Night before last, my little guy was much less a turtle and more of a wiggle worm. He whimpered in his sleep and kept wiggling out of his co-sleeper. So after a bit of a restless night for all three of us, I thought maybe, just maybe he was telling me it was time to give the crib a try.
For the last couple of weeks, the Turtle has been napping in his crib. And he's happy there. This in itself is a triumph. I've read horror stories about babies that scream at the mere sight of their bed. But despite the Turtle's love for his crib, and a somewhat successful nap routine, his nights have been spent in the co-sleeper with me and Chris. This was for a couple of reasons:
1) Nursing: In an effort to keep up my milk supply, night-nursing is essential, even if an hour or so of my early morning sleep is compromised. It's a small price to pay to get to the one-year mark for which I'm aiming.
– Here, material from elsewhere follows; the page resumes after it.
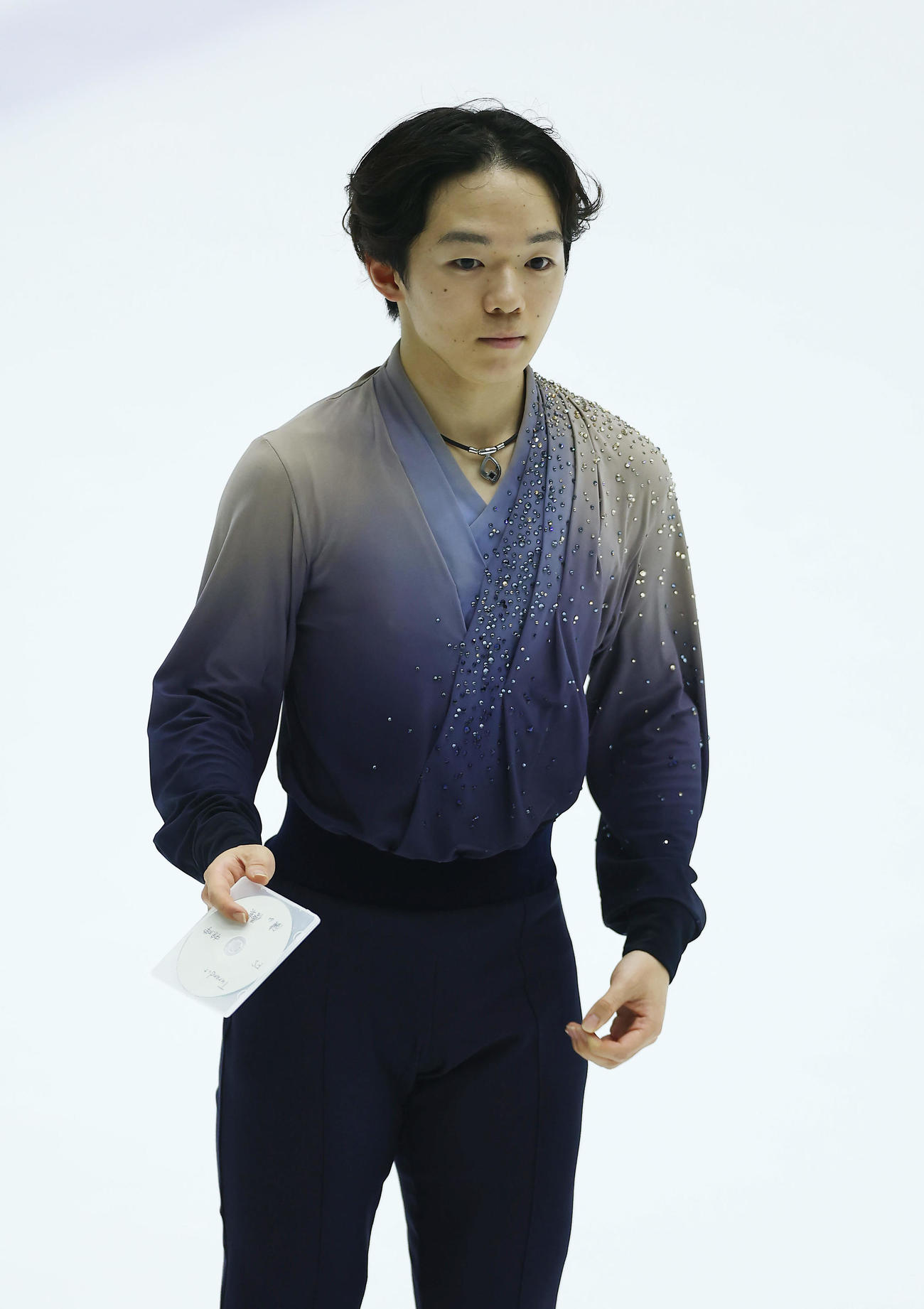 男子フリーで演技を中断し、ディスクを手にする鍵山（撮影・前田充）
2) Safety: Most experts agree that newborns should be sleeping in at least the same room as their parents. And, if done intentionally and safely, co-sleeping, specifically, has added benefits.
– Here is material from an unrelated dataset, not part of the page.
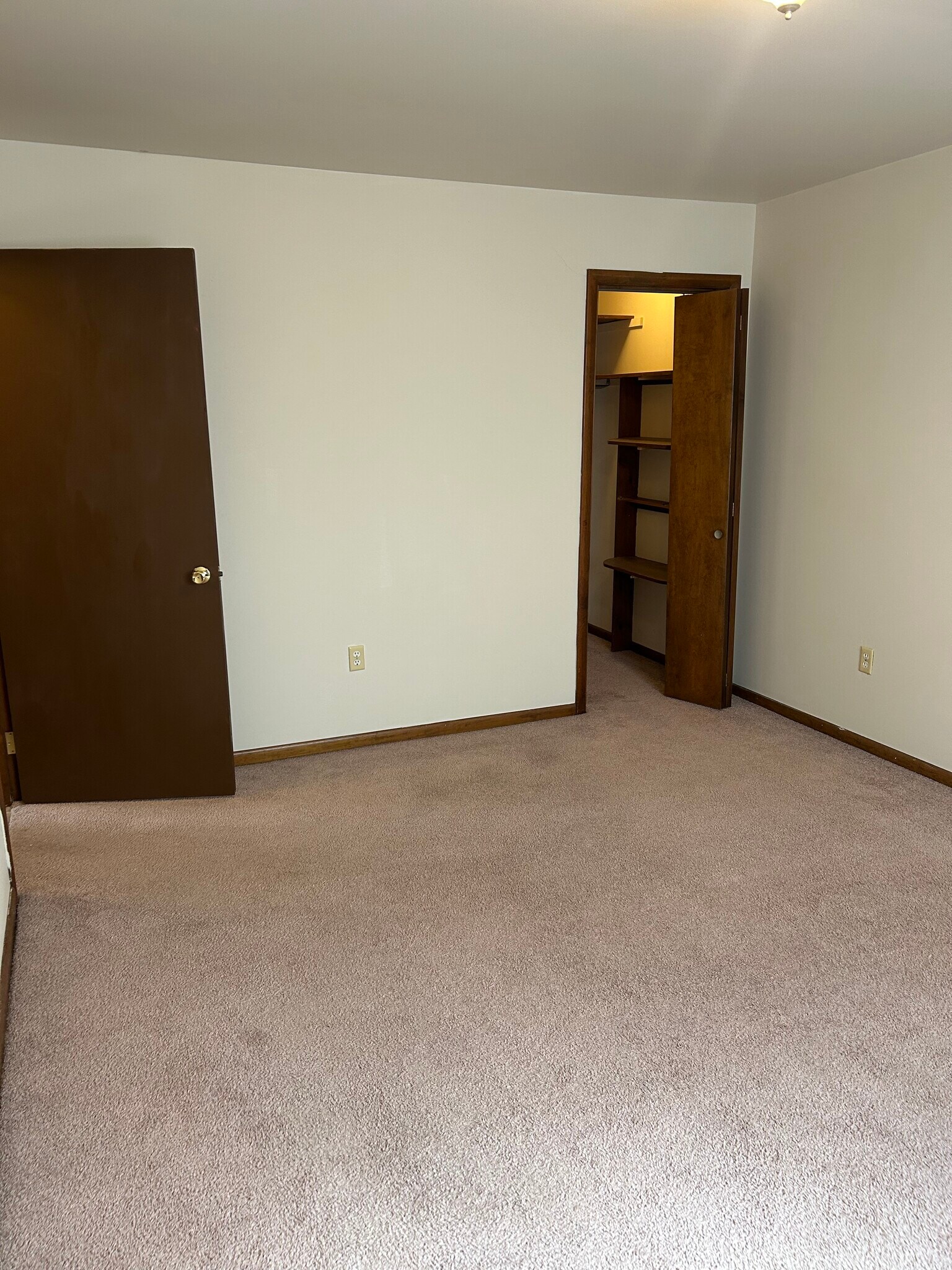 Building Photo - 126A E Main St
3) Time: During the work-week, I'm out the door at 8:00 and don't get home until 6:30ish. Co-sleeping has stolen back a few of those otherwise lost hours.
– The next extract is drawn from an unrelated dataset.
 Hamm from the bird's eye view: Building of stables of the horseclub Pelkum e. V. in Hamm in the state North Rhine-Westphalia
All of that said, we were intending to transition our little guy to his crib between 5 and 6 months (before separation anxiety settled in). But in an attempt to read the Turtle's cues and let him "be the boss" on this subject I thought "What the hell, let's put him in his crib and see what happens."
So this is what we did:
At 9:00, I watched the first ten minutes of The Rachel Maddow Show, then took the little guy into his nursery. We followed our typical night routine; we put on his PJ's, nursed, danced and sang a song (no story because he was just looking a little too sleepy). I lay him in his crib just on the verge of falling asleep. At about 9:35 he woke up crying. I picked him up, bounced him a bit, then lay him back down in his crib. He didn't wake again until 4:20am. At 4:20, I picked him up, nursed him, and he's back asleep. If he sticks to his typical morning schedule, he will now likely sleep until 7:00.
Perhaps it was a fluke, but right now I am overjoyed by the fact that there was no forcing the sleep issue, no tears, no "crying it out."And I have to admit, I'm giving myself a little pat on the back for reading my baby's cues (one of my biggest challenges as a parent).
I also have to give kudos to Chris who so carefully read my cues. He asked when he came to bed, "are you doing okay?" knowing it was breaking my heart to not have my little guy laying next to me. And truth is, yes, I was the one and will continue to be the one having a tough time with the co-sleeper to crib transition. Just imagine what a mess I'll be when we send this kid to Kindergarten!